He helped her into a nightgown, pulled the covers to her chin, and lay beside her. “Any visitors today?” he asked.
“No,” she said. “I was waiting for your father, but he never came.”
So much of his marriage was a disappointment — childlessness, ailing health — but they were blessings, now, in the end, when he had to let go. Yet he’d grown to depend on the act of longing. He performed his nightly ablutions and prayed, but the ritual was empty, mechanized, and he recited the words as he would a recipe. The pearl of faith had dissolved, and at its core was a sand grain of doubt, and he held on to it, knowing that doubt, like longing, could sustain him.
Later that night the wind carried the low rumble of approaching trucks. He was fully dressed, wearing thick wool socks and his fifty-eight-year-old coat, because wherever they took him would be cold. By the time the trucks pulled up to his house, he’d already loaded the syringe with enough heroin to stop the heart of a healthy man.
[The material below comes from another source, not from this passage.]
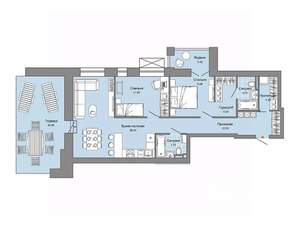 2-к квартира, строящийся дом, 85м2, 7/8 этаж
Her long, slow breaths filled the room. He took the time to disinfect her skin. Outside, truck doors slammed shut. Praise Allah for her hallucinations. Without them he wouldn’t have the strength to push the plunger and forever numb that precious vein. But she was convinced that his ten-years-dead father had visited her this week, so even when her eyelids flashed open, and a bleary, misapprehending plea poured forth, he looked away, because a woman who spoke with ghosts was nearly one herself and would forgive him for taking her the rest of the way.
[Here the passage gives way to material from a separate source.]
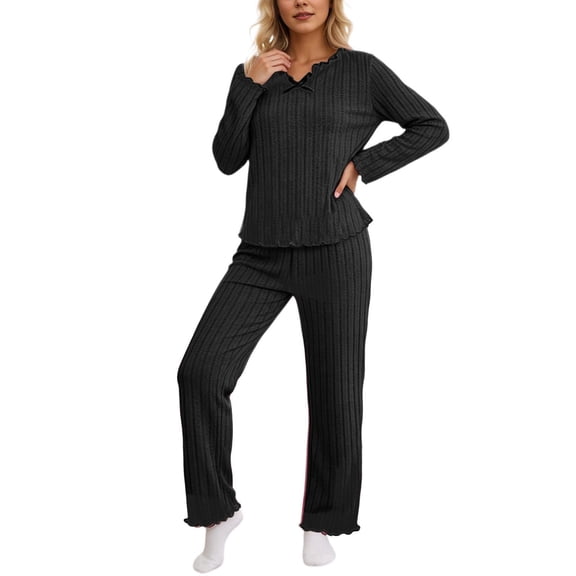 Womens Pajamas Set Elegant Bow Long Sleeve Tops Pants Cozy Home Sleepwear Soft Outfit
Her breaths slowed. Her eyes drifted to the left, to whatever came next. He held her hand. It stayed warm. Once, three months after their wedding, he had held that hand through two kilometers of sunshowers that had left them drenched and shining and purified to each other. He closed her eyes. He put a small bandage on the pulseless vein. This was it. God could ask no more of him. The fists of the security forces pounded at the front door. The manila envelope containing the two letters of safe passage lay on the floor, beside the bound pages of Khassan’s letter to Havaa. Would she ever read it? Would she ever know her father made furniture from his book boxes? The pounding grew to splintering. The underside of a corpse was the only place the security forces wouldn’t look, and he slid the manila envelope and Khassan’s letter beneath Ula’s body. He kissed her forehead. She was gone and he still couldn’t say good-bye. “We will never be dry,” Ula had said. The sky was pouring. She was there.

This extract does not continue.